Reading the records below, count the lines in which the string "White" appears; write the number only.

** Supplied data follows **

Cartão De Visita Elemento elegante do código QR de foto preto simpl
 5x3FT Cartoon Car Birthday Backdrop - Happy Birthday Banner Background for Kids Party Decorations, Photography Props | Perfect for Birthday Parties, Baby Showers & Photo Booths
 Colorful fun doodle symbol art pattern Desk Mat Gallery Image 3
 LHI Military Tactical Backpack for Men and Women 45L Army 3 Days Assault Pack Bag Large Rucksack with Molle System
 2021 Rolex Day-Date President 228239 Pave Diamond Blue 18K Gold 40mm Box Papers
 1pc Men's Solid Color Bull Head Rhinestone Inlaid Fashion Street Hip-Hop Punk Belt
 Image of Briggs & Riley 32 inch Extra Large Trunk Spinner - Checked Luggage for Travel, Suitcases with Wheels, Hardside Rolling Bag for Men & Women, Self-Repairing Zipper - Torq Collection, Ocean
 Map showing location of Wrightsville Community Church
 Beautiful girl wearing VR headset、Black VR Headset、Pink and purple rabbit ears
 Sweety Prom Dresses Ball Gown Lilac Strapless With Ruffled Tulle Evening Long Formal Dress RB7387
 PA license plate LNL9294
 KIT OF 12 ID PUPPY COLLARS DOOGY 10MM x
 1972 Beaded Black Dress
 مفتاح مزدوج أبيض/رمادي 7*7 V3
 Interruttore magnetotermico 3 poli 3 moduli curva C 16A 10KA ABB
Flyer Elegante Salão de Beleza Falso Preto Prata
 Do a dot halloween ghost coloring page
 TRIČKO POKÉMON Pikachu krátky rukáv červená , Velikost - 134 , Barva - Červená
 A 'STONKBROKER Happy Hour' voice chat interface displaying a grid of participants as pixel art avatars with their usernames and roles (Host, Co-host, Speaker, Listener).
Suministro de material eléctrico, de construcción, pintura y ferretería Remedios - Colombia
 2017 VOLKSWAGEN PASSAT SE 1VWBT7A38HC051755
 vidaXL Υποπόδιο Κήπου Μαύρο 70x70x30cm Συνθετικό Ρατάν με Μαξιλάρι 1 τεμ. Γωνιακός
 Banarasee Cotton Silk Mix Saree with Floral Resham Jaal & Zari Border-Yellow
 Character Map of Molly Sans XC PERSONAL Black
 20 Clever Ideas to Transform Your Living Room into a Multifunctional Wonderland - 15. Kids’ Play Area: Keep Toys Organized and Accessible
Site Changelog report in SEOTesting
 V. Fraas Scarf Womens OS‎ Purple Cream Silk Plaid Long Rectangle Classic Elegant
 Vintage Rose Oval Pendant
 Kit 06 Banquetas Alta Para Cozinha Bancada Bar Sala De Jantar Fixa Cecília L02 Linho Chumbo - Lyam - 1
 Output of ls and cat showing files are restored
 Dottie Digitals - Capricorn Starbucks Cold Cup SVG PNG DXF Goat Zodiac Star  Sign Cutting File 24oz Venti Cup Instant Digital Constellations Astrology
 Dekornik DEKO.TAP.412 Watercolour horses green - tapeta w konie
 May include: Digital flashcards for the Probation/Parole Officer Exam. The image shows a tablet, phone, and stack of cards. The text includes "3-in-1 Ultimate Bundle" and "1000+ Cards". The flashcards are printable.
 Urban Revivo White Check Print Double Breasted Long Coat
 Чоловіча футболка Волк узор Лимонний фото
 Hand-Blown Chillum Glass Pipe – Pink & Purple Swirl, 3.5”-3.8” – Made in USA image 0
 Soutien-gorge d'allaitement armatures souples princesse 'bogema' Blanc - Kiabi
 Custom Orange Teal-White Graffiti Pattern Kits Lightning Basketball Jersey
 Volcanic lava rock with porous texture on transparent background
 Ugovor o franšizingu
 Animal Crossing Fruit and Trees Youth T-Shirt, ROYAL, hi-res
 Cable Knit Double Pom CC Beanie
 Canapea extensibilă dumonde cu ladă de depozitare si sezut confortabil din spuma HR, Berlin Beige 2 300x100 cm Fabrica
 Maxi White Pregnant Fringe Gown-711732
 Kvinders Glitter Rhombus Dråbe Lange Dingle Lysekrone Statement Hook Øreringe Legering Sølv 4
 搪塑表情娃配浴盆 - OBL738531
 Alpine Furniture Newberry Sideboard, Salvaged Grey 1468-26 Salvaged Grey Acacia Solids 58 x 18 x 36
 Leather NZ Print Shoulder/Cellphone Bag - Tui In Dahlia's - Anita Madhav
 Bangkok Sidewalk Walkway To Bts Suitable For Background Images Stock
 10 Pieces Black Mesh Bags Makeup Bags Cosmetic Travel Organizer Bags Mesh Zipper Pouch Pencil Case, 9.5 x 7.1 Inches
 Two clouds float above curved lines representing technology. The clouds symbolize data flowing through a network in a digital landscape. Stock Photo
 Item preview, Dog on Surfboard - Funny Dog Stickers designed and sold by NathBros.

** End of Supplied data **

- _Answer box_
3